An exact copy of every line from the one holding "V-Twin Skull Horn" to the end of the entries below is required; leave the pictures out.
START Given entries
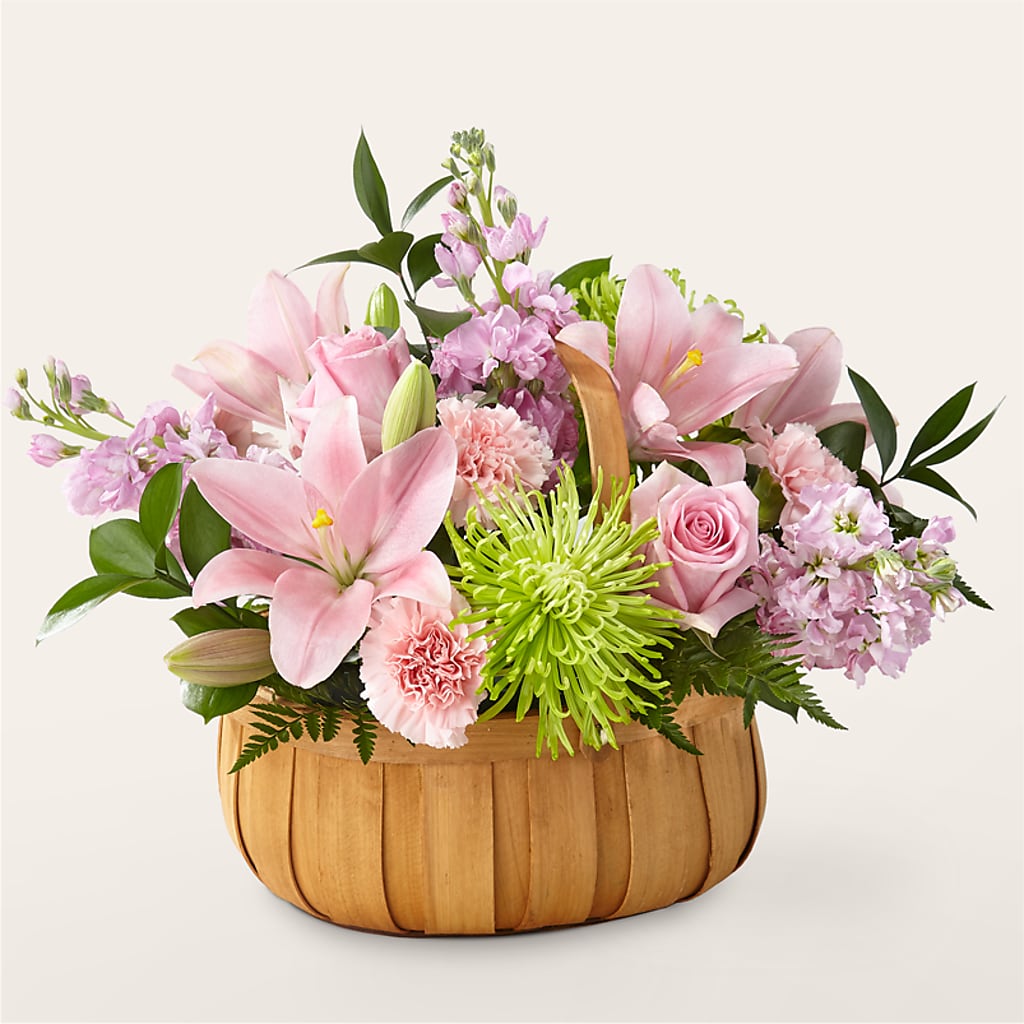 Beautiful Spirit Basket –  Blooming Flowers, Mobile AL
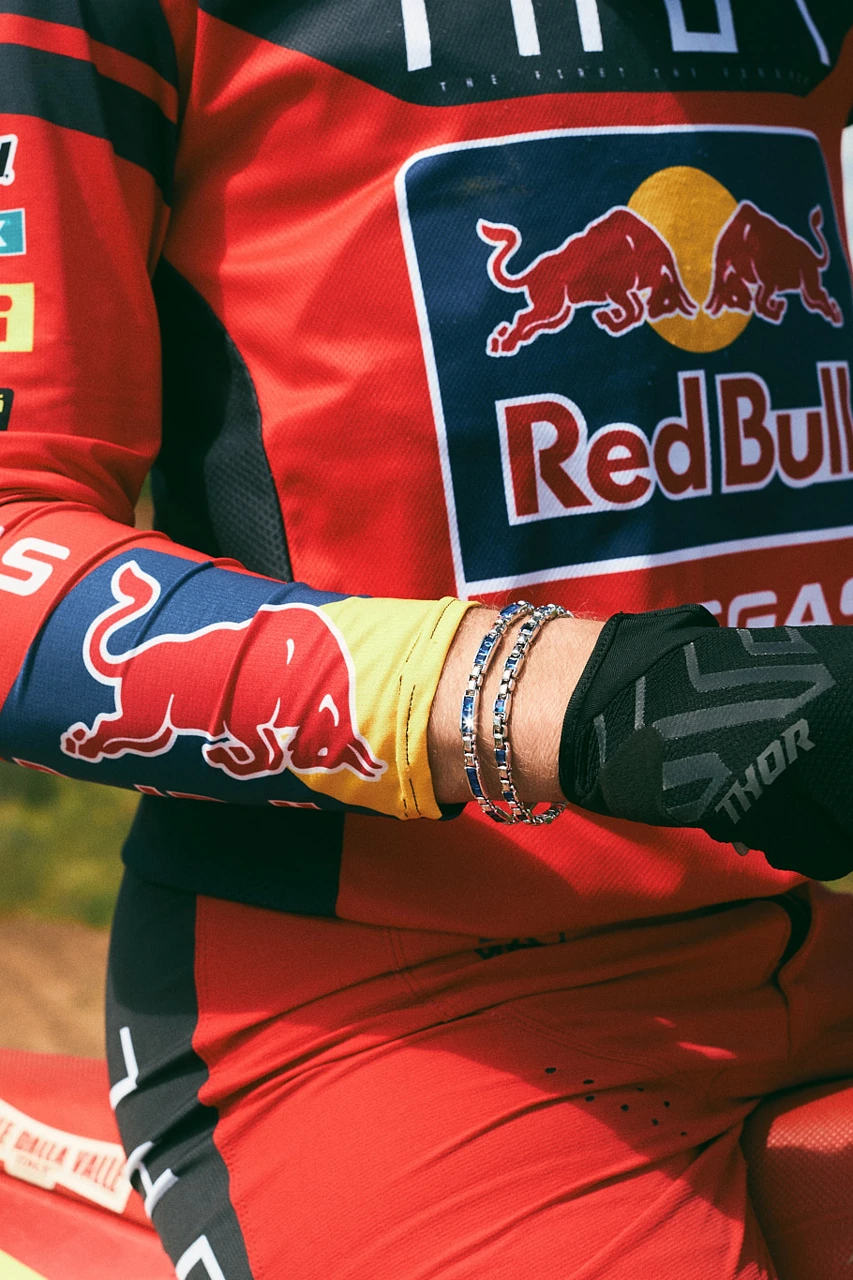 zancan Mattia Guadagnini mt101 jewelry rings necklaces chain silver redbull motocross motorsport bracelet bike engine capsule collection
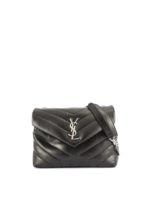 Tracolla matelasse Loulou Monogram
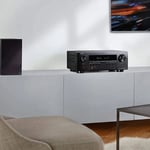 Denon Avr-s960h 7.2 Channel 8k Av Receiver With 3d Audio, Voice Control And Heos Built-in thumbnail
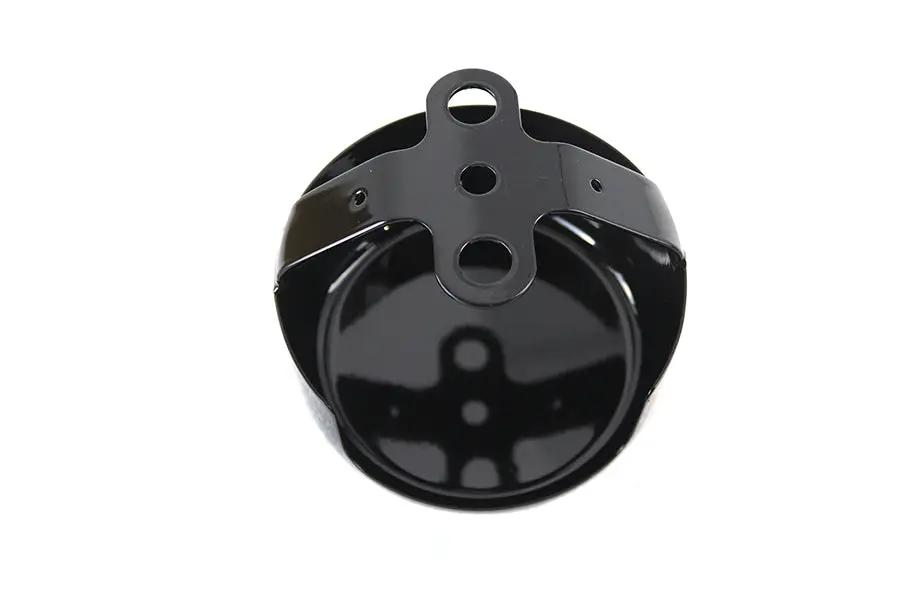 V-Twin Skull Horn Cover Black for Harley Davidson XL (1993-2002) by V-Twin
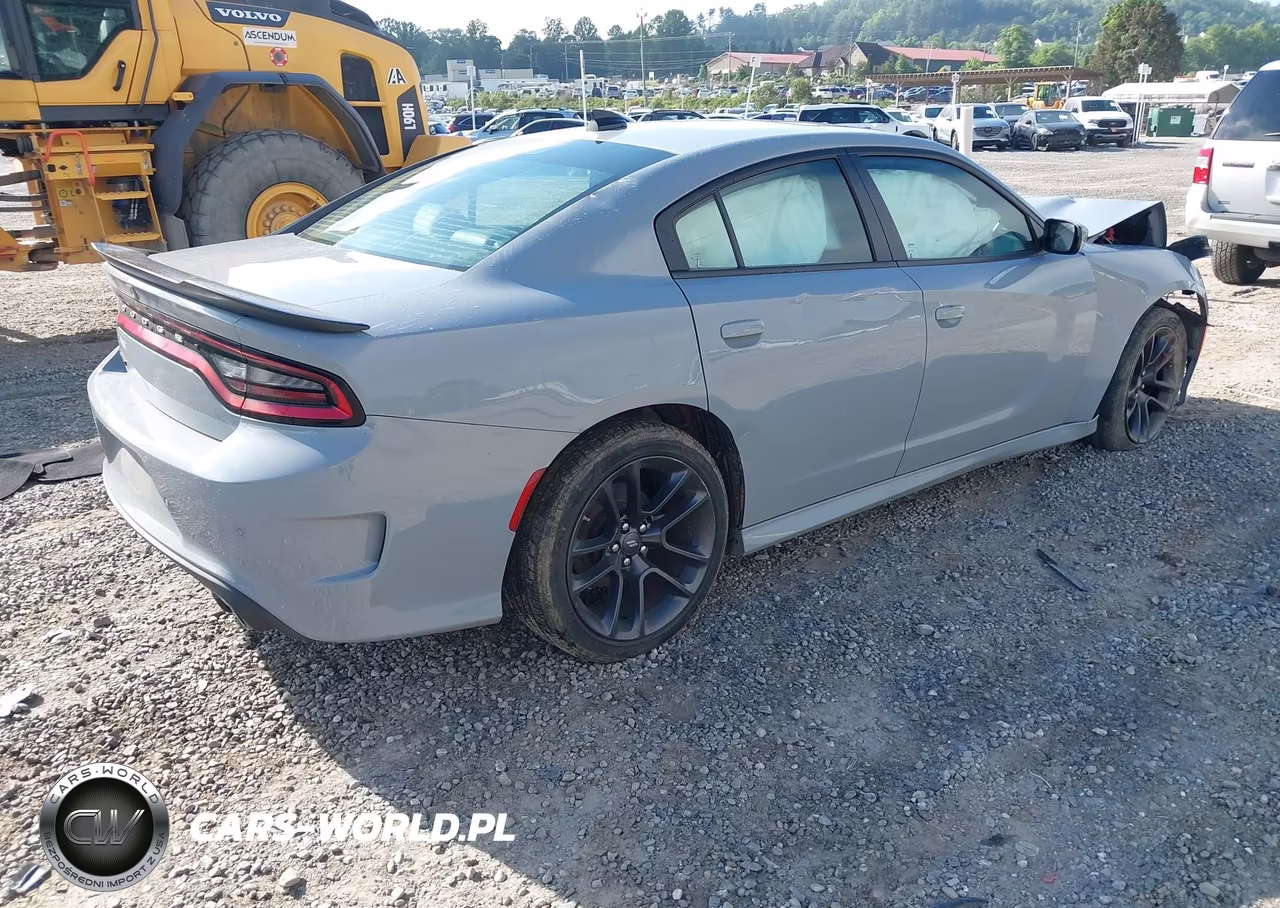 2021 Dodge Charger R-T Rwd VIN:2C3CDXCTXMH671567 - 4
END Given entries
● **Final answer**
 V-Twin Skull Horn Cover Black for Harley Davidson XL (1993-2002) by V-Twin
 2021 Dodge Charger R-T Rwd VIN:2C3CDXCTXMH671567 - 4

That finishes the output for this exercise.